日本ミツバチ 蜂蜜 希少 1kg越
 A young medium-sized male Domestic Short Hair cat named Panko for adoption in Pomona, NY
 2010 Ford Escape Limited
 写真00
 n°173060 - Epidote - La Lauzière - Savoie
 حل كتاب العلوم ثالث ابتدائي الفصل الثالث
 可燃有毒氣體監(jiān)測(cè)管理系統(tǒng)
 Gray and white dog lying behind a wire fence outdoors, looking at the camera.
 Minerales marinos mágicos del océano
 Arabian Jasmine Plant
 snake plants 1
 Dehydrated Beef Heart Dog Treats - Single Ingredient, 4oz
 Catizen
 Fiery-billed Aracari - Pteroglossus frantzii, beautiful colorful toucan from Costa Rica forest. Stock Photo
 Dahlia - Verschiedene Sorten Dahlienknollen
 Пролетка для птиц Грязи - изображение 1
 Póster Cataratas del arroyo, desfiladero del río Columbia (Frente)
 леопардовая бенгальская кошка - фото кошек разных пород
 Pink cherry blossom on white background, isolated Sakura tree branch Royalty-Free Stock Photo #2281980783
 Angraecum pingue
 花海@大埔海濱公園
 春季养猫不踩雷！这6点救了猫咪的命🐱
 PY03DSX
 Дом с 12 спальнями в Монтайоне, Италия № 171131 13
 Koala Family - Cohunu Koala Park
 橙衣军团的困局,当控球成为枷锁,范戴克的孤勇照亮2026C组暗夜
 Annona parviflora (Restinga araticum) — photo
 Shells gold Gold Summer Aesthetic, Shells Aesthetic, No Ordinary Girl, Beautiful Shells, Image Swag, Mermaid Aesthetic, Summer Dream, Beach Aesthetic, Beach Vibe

•••

▸ **The problem**
When you reach the line holding "2010 Ford Escape Limited" in the records above, begin reproducing exactly, stop after the line holding "леопардовая бенгальская кошка", and output nothing else.

▸ **Expected answer**
 2010 Ford Escape Limited
 写真00
 n°173060 - Epidote - La Lauzière - Savoie
 حل كتاب العلوم ثالث ابتدائي الفصل الثالث
 可燃有毒氣體監(jiān)測(cè)管理系統(tǒng)
 Gray and white dog lying behind a wire fence outdoors, looking at the camera.
 Minerales marinos mágicos del océano
 Arabian Jasmine Plant
 snake plants 1
 Dehydrated Beef Heart Dog Treats - Single Ingredient, 4oz
 Catizen
 Fiery-billed Aracari - Pteroglossus frantzii, beautiful colorful toucan from Costa Rica forest. Stock Photo
 Dahlia - Verschiedene Sorten Dahlienknollen
 Пролетка для птиц Грязи - изображение 1
 Póster Cataratas del arroyo, desfiladero del río Columbia (Frente)
 леопардовая бенгальская кошка - фото кошек разных пород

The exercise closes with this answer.